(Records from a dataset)
---*---

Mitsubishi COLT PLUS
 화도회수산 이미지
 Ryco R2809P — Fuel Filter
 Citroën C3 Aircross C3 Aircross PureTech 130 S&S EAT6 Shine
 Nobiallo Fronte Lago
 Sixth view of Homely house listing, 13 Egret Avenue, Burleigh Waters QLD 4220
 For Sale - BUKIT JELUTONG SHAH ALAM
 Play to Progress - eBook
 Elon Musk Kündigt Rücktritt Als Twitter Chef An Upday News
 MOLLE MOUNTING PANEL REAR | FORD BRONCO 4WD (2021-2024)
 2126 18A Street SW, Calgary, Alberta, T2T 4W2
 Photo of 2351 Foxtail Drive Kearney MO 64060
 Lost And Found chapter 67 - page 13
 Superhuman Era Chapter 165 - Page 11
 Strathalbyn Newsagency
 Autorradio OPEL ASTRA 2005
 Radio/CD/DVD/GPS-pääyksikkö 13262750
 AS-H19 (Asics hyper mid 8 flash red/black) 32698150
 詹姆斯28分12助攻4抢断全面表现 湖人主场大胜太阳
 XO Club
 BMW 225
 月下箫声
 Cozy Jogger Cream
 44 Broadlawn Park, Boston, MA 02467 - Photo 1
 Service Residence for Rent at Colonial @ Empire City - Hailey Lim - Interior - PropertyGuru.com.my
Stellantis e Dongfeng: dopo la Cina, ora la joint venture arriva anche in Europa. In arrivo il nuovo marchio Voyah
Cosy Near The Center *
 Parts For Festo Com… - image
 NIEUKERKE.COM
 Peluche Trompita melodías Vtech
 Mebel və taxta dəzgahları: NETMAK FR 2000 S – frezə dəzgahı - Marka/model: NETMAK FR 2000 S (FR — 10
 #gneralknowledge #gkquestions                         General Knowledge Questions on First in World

---*---

Your goal » List all lines above in which the string "Photo" appears.

Answer section »
 Photo of 2351 Foxtail Drive Kearney MO 64060
 44 Broadlawn Park, Boston, MA 02467 - Photo 1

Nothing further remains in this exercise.